We avoid using memcmp() directly, since it tends to be used in cases
when having a constant-time operation would be better. Instead, we
recommend tor_memeq() and tor_memneq() for when you need a
constant-time operation. In cases when you need a fast comparison,
and timing leaks are not a danger, you can use fast_memeq() and
fast_memneq().
It's a common pattern to take a string representing one or more lines
of text, and search within it for some other string, at the start of a
line. You could search for "\\ntarget", but that would miss the first
line. Instead, use find_str_at_start_of_line.
### Parsing text ###
Over the years, we have accumulated lots of ways to parse text --
probably too many. Refactoring them to be safer and saner could be a
good project! The one that seems most error-resistant is tokenizing
text with smartlist_split_strings(). This function takes a smartlist,
a string, and a separator, and splits the string along occurrences of
the separator, adding new strings for the sub-elements to the given
smartlist.
To handle time, you can use one of the functions mentioned above in
"Parsing and encoding time values".
For numbers in general, use the tor_parse_{long,ulong,double,uint64}
family of functions. Each of these can be called in a few ways.
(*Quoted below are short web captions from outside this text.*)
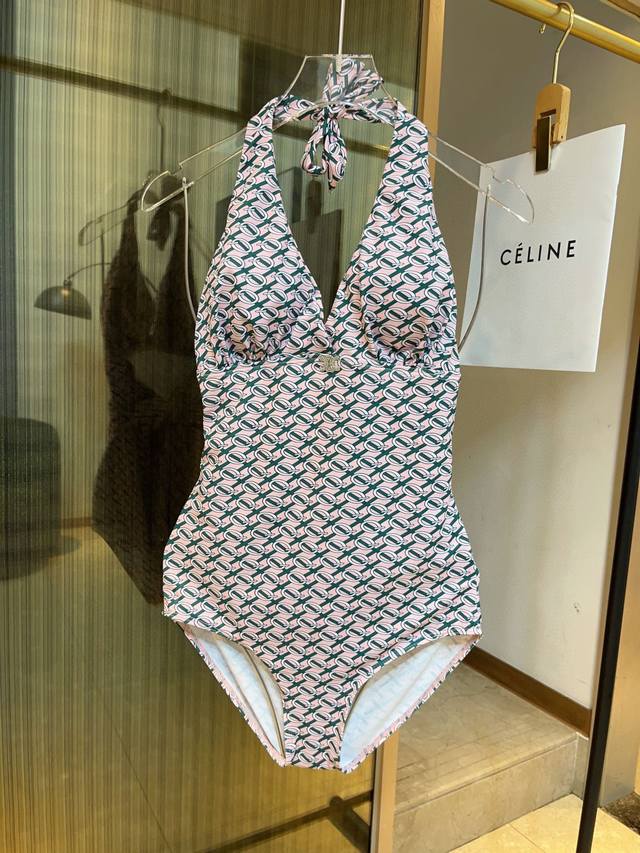特 ￥P Celine赛琳新款连体泳衣比基尼适合多种场景的游泳衣♀海边 游泳池 温泉 水上乐园 漂流都可以内搭外穿也完全可以 面料：透气舒适。速干弹性的游泳衣更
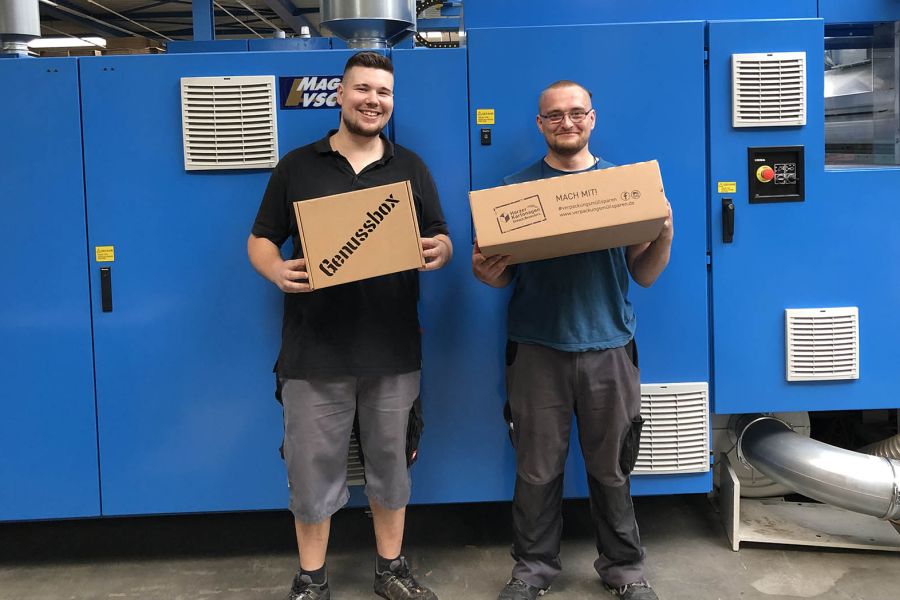 Harzer Kartonagen bildet zwei neue Packmitteltechnologen aus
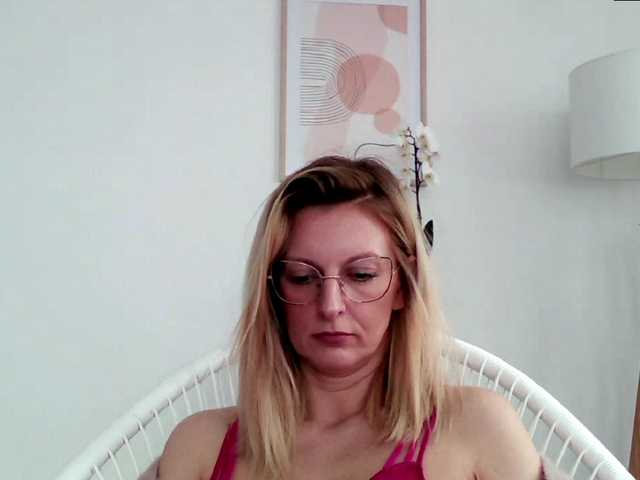 Fotogrāfijas RachellaFox Sexy blondie - glasses - dildo shows - great natural body,) For 500 i show you my naked body @remain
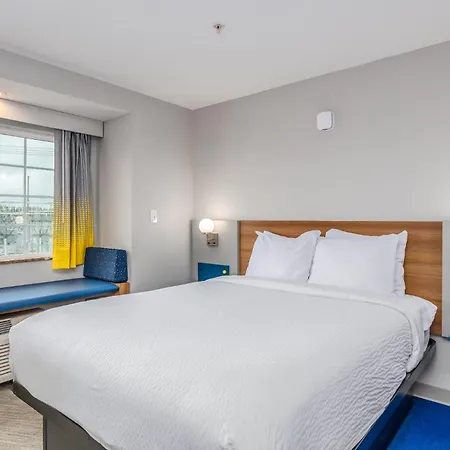 Microtel Inn & Suites By Wyndham Montgomery-3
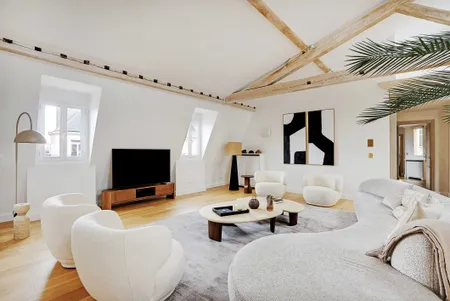 INDULGE IN LUXURY ADORNED WITH PLUSH FURNISHINGS-PENTHOUSE RUE DU HONORE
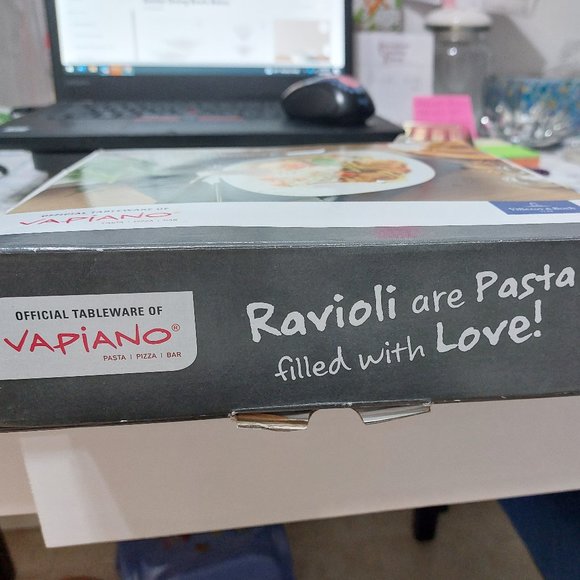 Villeroy & Boch Vapiano Pasta Bowls Set of 2 WHITE Beautiful Presentation Bowls - Picture 6 of 6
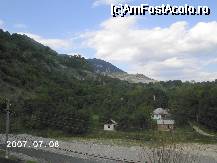 [P24] În spatele mănăstirii Bistriţa curge râul Bistriţa. Mai departe, se vede cariera de calcar, pe unde trece drumul spre mănstirea Arnota » foto by Costi
 - 
<span class="allrVoted glyphicon glyphicon-heart hidden" id="av43124"></span>
<a class="m-l-10 hidden" id="sv43124" onclick="voting_Foto_DelVot(,43124,4665)" role="button">șterge vot <span class="glyphicon glyphicon-remove"></span></a>
<a id="v943124" class=" c-red"  onclick="voting_Foto_SetVot(43124)" role="button"><span class="glyphicon glyphicon-heart-empty"></span> <b>LIKE</b> = Votează poza</a> <img class="hidden"  id="f43124W9" src="/imagini/loader.gif" border="0" /><span class="AjErrMes hidden" id="e43124ErM"></span>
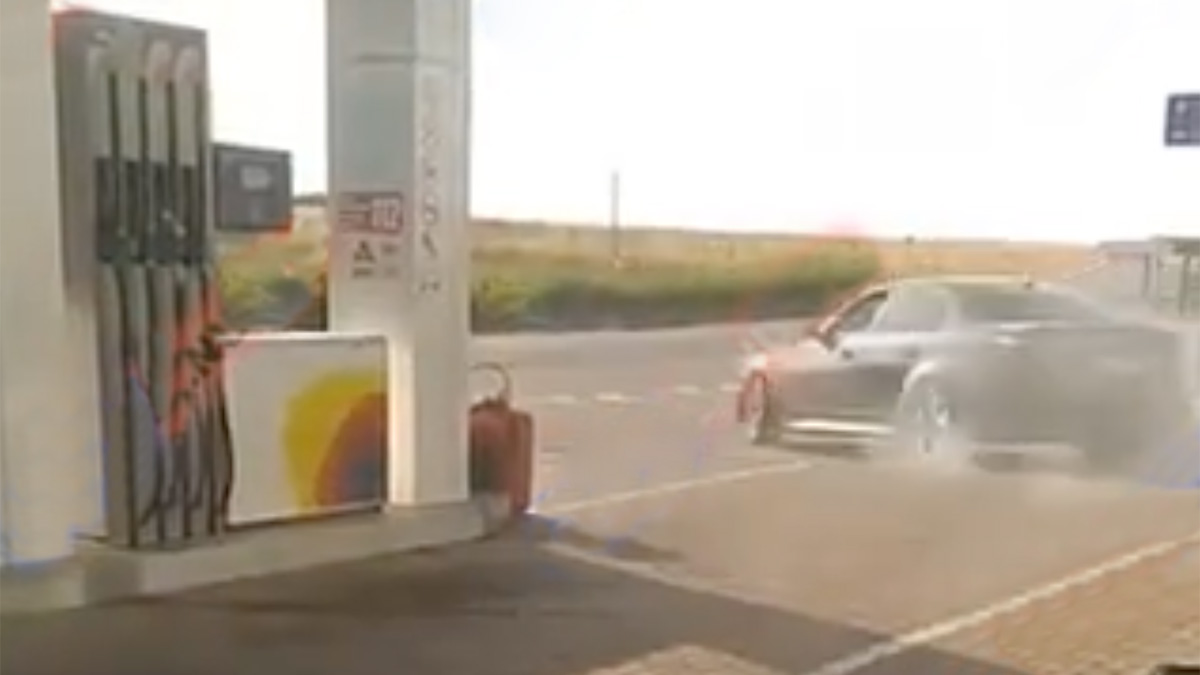 (VIDEO) Un şofer de BMW a avut ideea neinspirată de a face drift într-o benzinărie la Făleşti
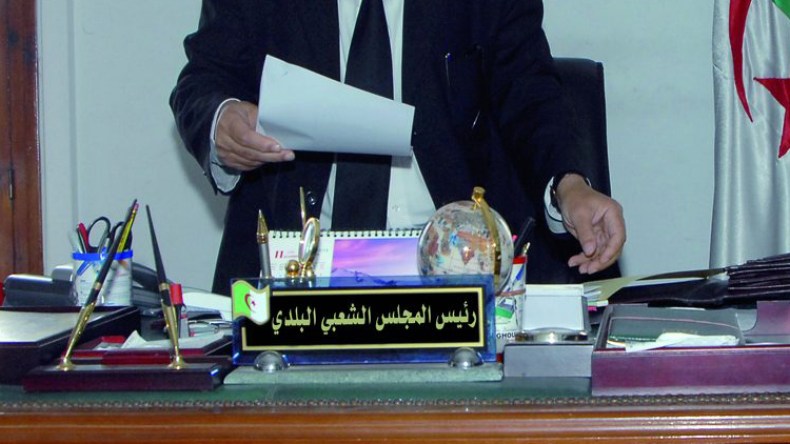 نيران صديقة واتهامات متبادلة داخل بلدية حاسي مسعود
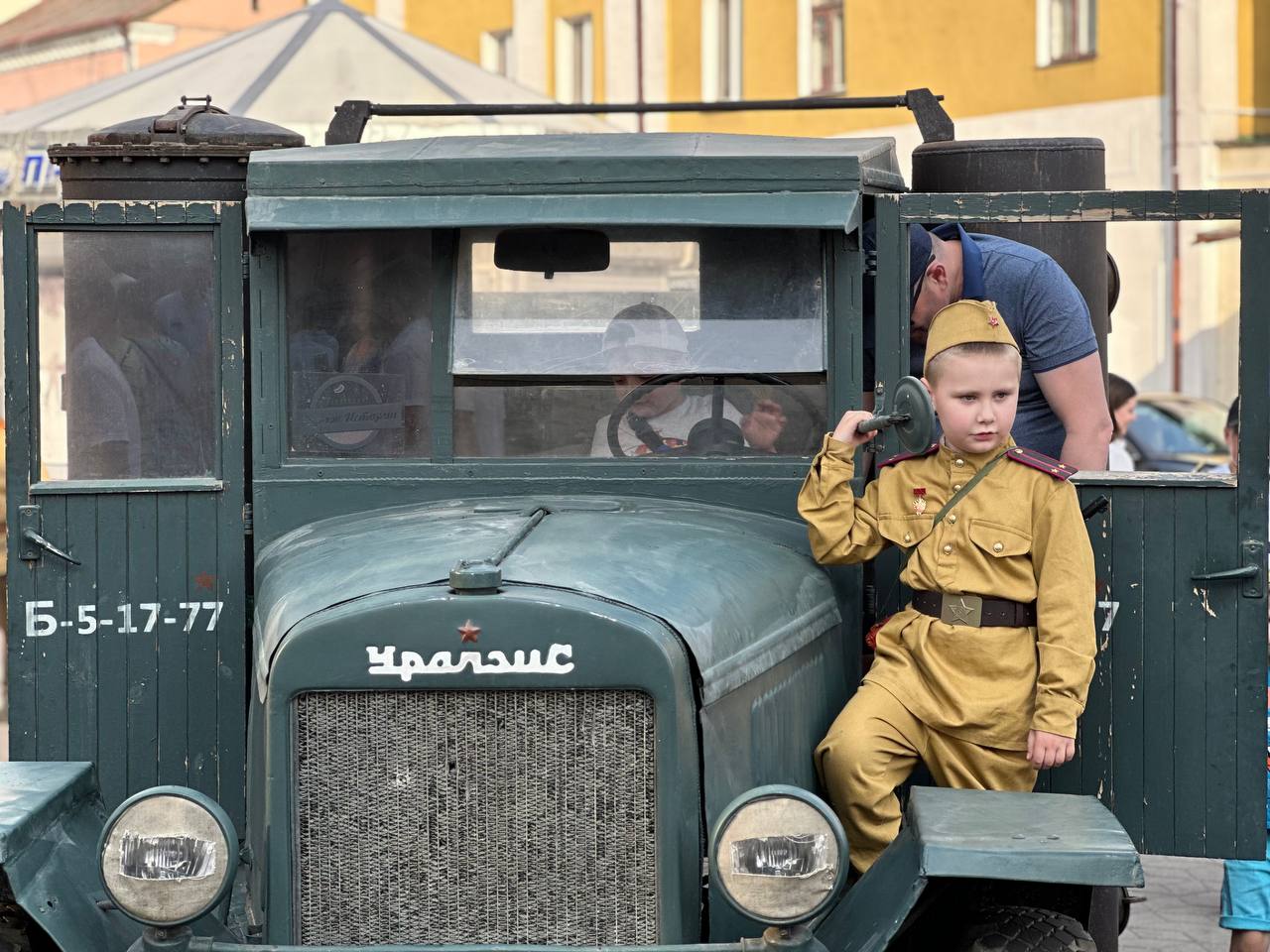 Реконструкция «Мирный вечер на Советской»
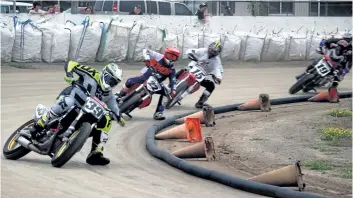  ?? BERND FRANKE/POSTMEDIA NEWS ?? Qualifying in the 450 Expert motorcycle racing class at Welland County Speedway Saturday night in Welland.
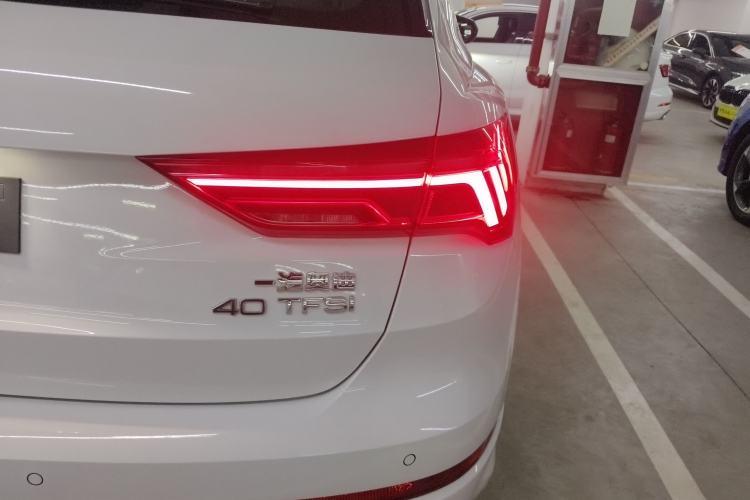 Used Audi Q3 2024 40 TFSI Fashion Dynamic Model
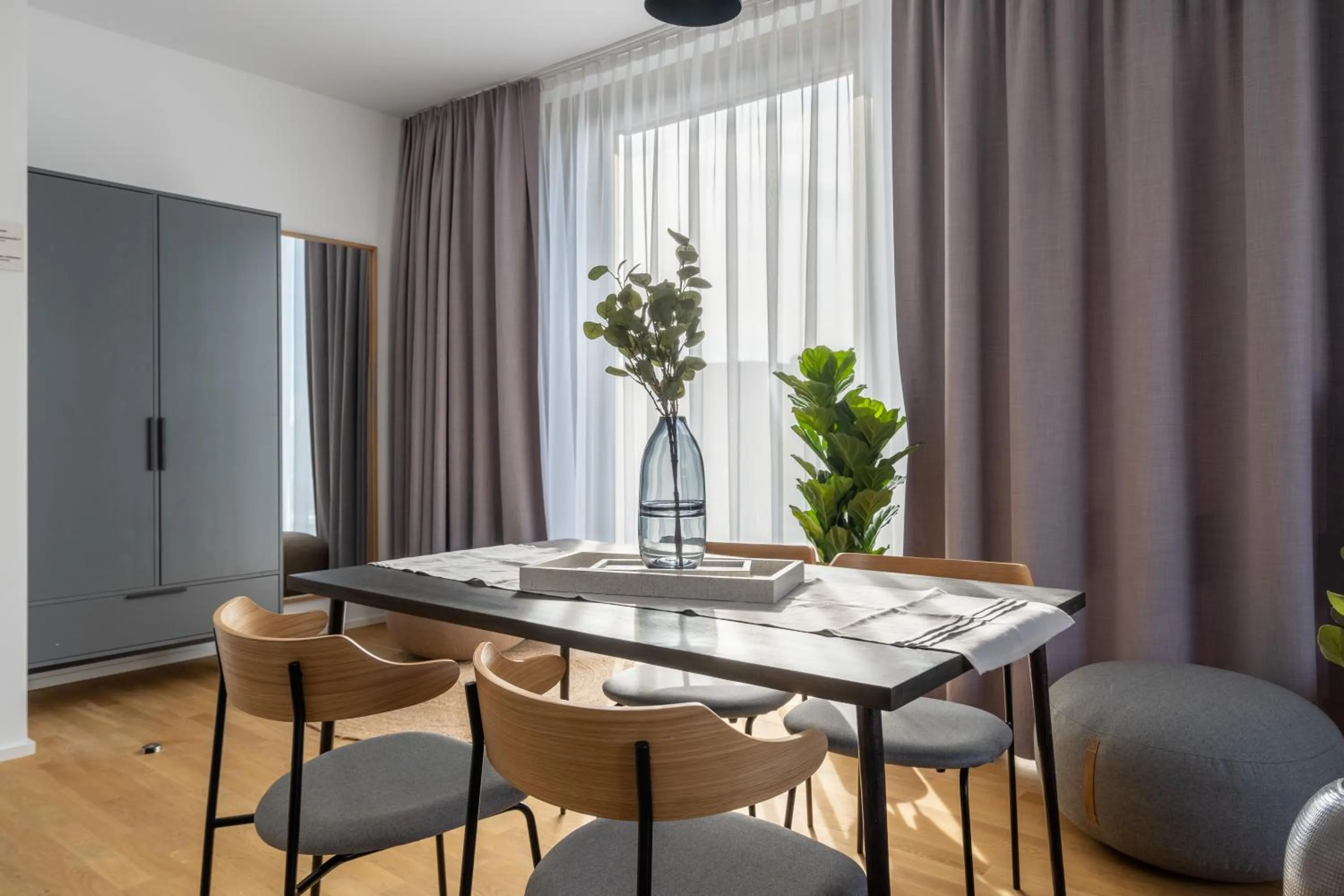 Dining area in Limehome Potsdam Annemarie-Wolff-Platz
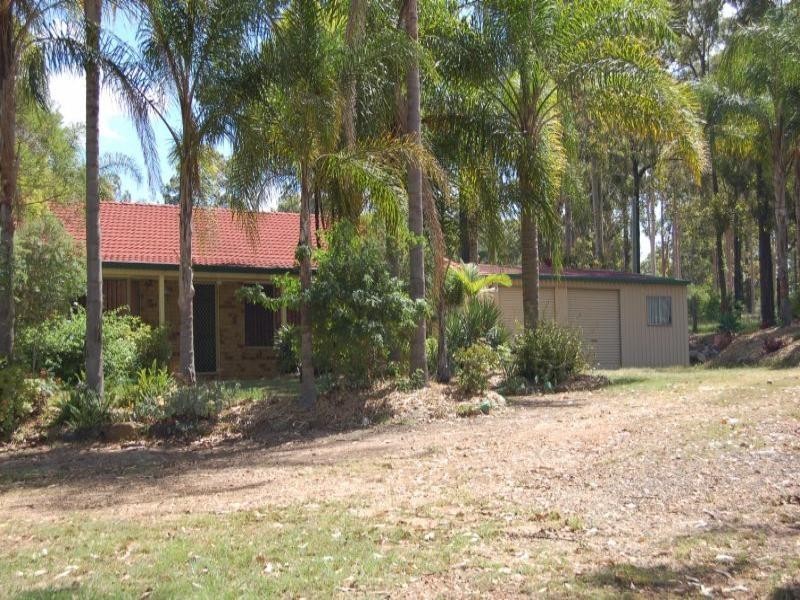 2 Lee Court, Greenbank QLD 4124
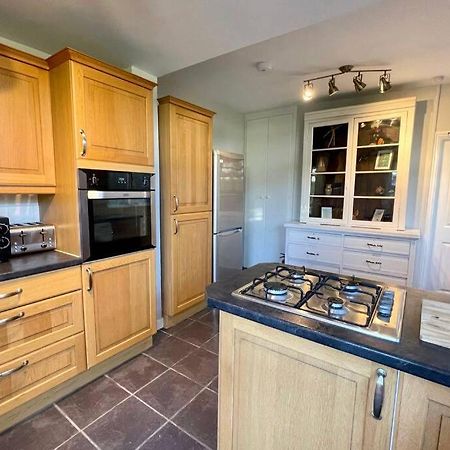 Large House Near Victoria Park For Groups, 10 Mins Bus To City Centre Cardiff Exteriér fotografie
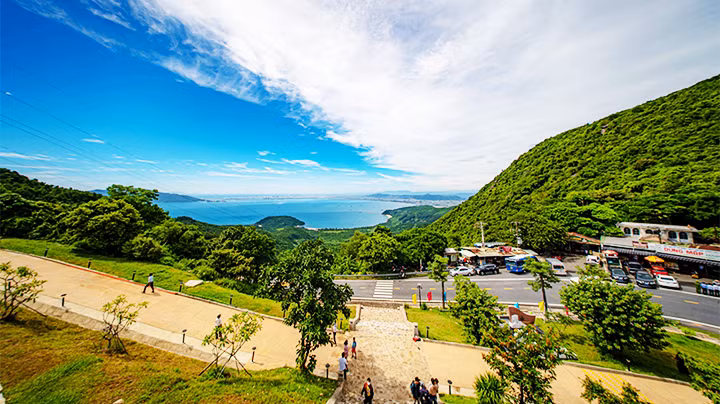 Từ Hải Vân quan có thể ngắm toàn cảnh TP Đà Nẵng.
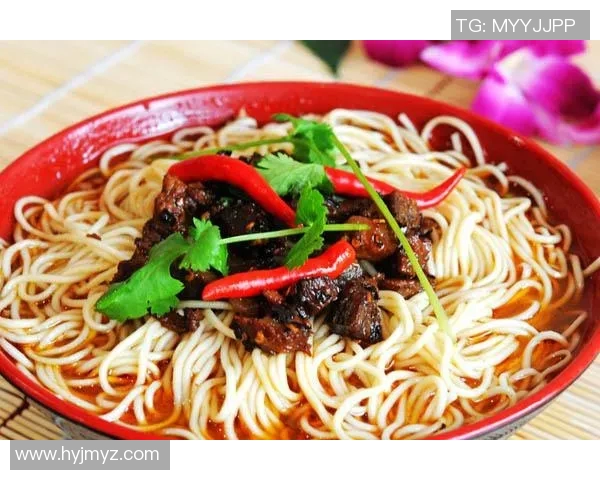 文班亚马北京之行低调逛商场品尝美味牛肉面引发关注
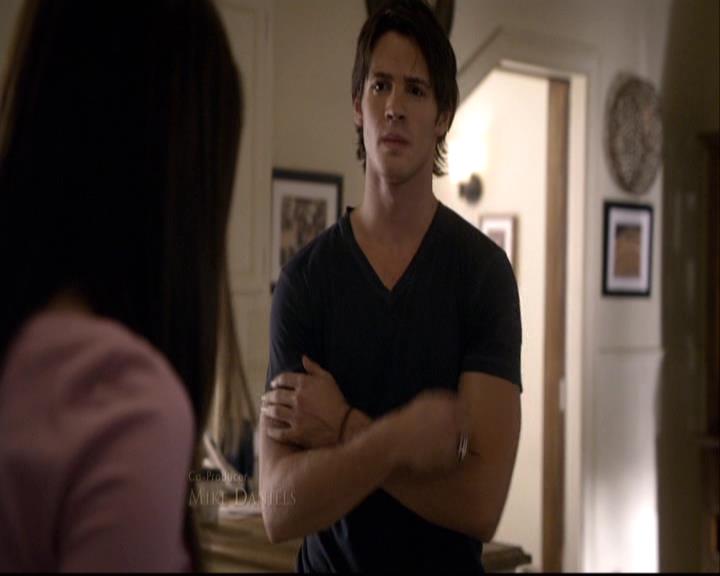 VampireDiariesWorld-dot-org_2x07Masquerade0158.jpg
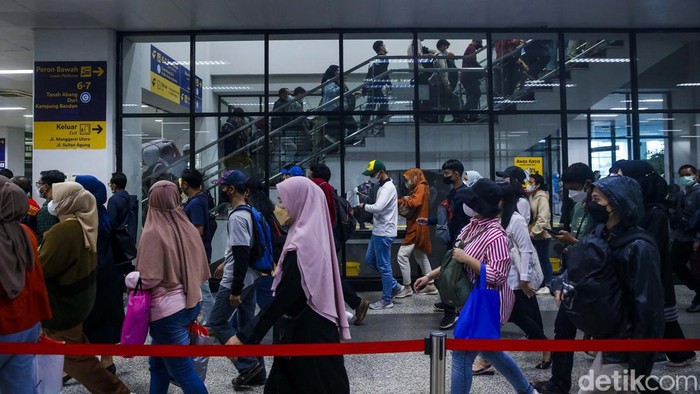 Melihat Kondisi Di Stasiun Manggarai Yang Ramai Setiap Hari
The
most general is as follows:
const int BASE = 10;
const int MINVAL = 10, MAXVAL = 10000;
const char *next;
int ok;
long lng = tor_parse_long("100", BASE, MINVAL, MAXVAL, &ok, &next);
The return value should be ignored if "ok" is set to false. The input
string needs to contain an entire number, or it's considered
invalid... unless the "next" pointer is available, in which case extra
characters at the end are allowed, and "next" is set to point to the
first such character.
### Generating blocks of text ###
For not-too-large blocks of text, we provide tor_asprintf(), which
behaves like other members of the sprintf() family, except that it
always allocates enough memory on the heap for its output.
For larger blocks: Rather than using strlcat and strlcpy to build
text, or keeping pointers to the interior of a memory block, we
recommend that you use the smartlist_* functions to build a smartlist
full of substrings in order. Then you can concatenate them into a
single string with smartlist_join_strings(), which also takes optional
separator and terminator arguments.
As a convenience, we provide smartlist_add_asprintf(), which combines
the two methods above together. Many of the cryptographic digest
functions also accept a not-yet-concatenated smartlist of strings.
### Logging helpers ###
Often we'd like to log a value that comes from an untrusted source.
To do this, use escaped() to escape the nonprintable characters and
other confusing elements in a string, and surround it by quotes. (Use
esc_for_log() if you need to allocate a new string.)
It's also handy to put memory chunks into hexadecimal before logging;
you can use hex_str(memory, length) for that.
The escaped() and hex_str() functions both provide outputs that are
only valid till they are next invoked; they are not threadsafe.